Given just 3842 RAV4s have been delivered in Australia to the end of March as Toyota phases out the old generation, at least 35,000+ new-generation RAV4s are due to hit Australian driveaways for the remainder of the year, and Mr Pappas’s projections indicate around 10,000 of those could be PHEVs, using very rough maths.
Such volume would catapult Toyota onto the PHEV sales podium based on last year’s figures, with only the BYD Shark 6 PHEV ute eclipsing 10,000 registrations for the 2025 calendar year, with the BYD Sealion 6 SUV coming in second with 9055 registrations.
Toyota would also be leapfrogging PHEV pioneer Mitsubishi and its Outlander PHEV – a direct rival for the RAV4 PHEV – which in 2025 notched 4110 registrations for third place outright.

The RAV4 PHEV range won’t be arriving for another couple of months, but it’s already on sale across three variants with prices starting from $58,840 before on-road costs.

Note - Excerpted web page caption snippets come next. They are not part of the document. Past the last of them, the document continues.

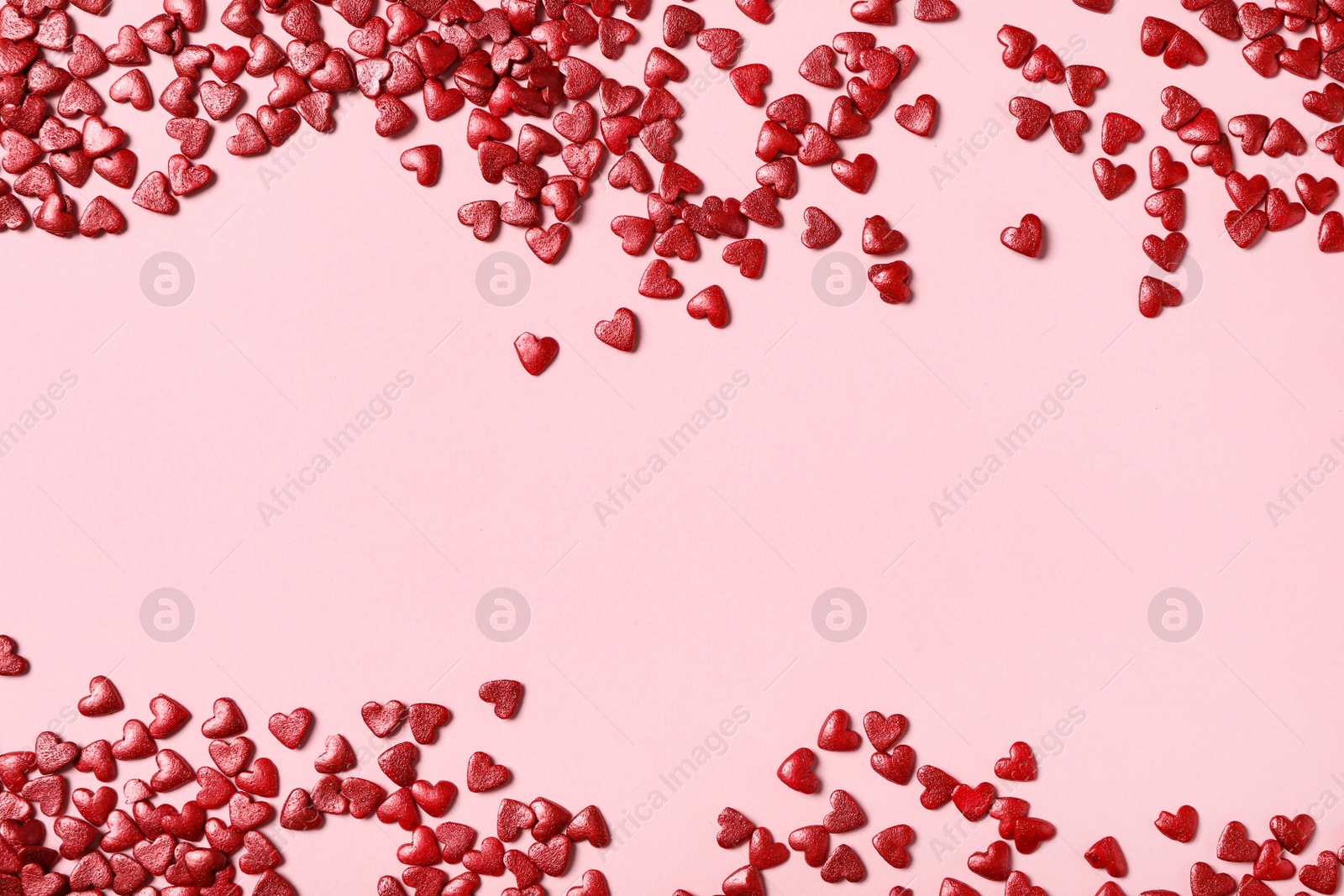 Photo of Red heart shaped sprinkles on pink background, flat lay. Space for text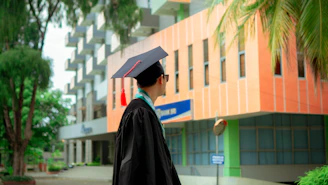a man in a graduation cap and gown standing in front of a building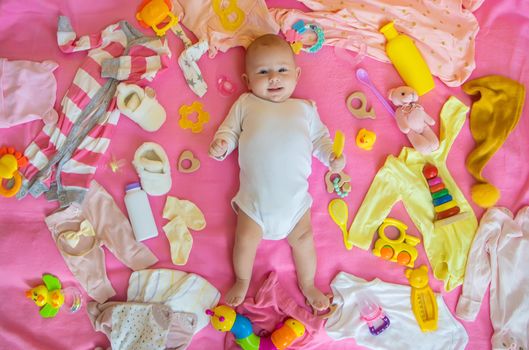 Baby with clothes and accessories. Selective focus. People.
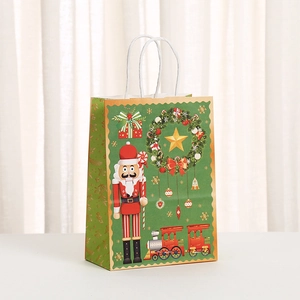 Nutcracker Christmas gift paper bag with festive illustrations and white rope handles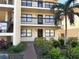 Inviting condo with a well-maintained exterior, complete with lush landscaping and a mature palm tree, offering curb appeal at 315 30Th W Ave # 101B, Bradenton, FL 34205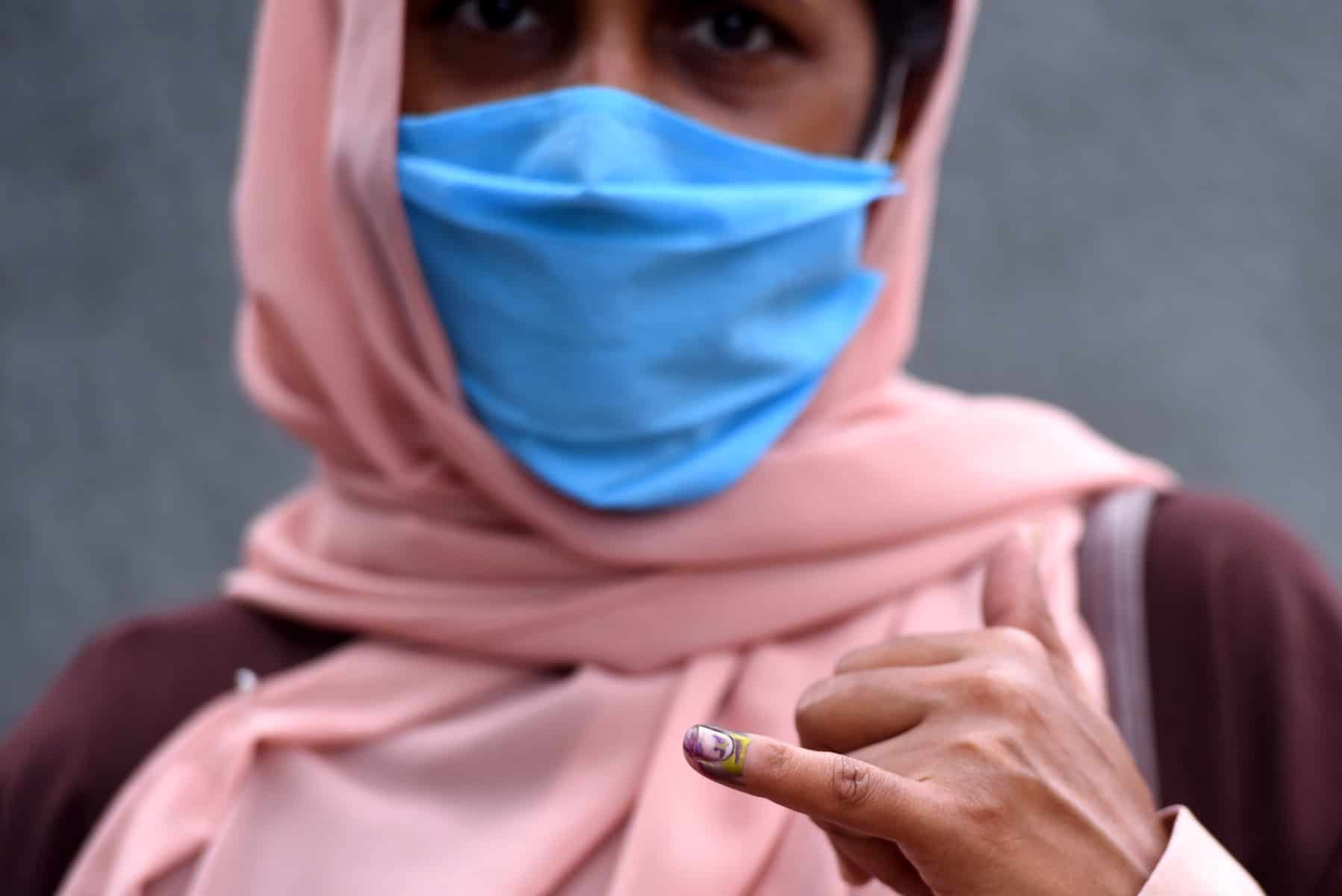 Woman holding up inked finger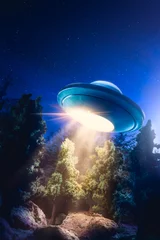 Behangcirkel Hoog contrastbeeld van UFO die & 39 s nachts over een bos vliegt met een lichtstraal © fergregory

Using the same 2.5-litre four-cylinder petrol engine as the RAV4 Hybrid at its core, the RAV4 PHEV adds more powerful electric motors and a larger battery pack for improved performance and usable EV driving range.
Making 227kW in AWD guise, the RAV4 PHEV is the most powerful production RAV4 model ever, with its 22.7kWh lithium-ion battery good for a WLTP-certified EV driving range of around 100km per charge.
While it’s the first RAV4 PHEV in Australia, the previous-generation RAV4 Prime (or PHEV) was available in a number of overseas markets, with an older version of the same drivetrain.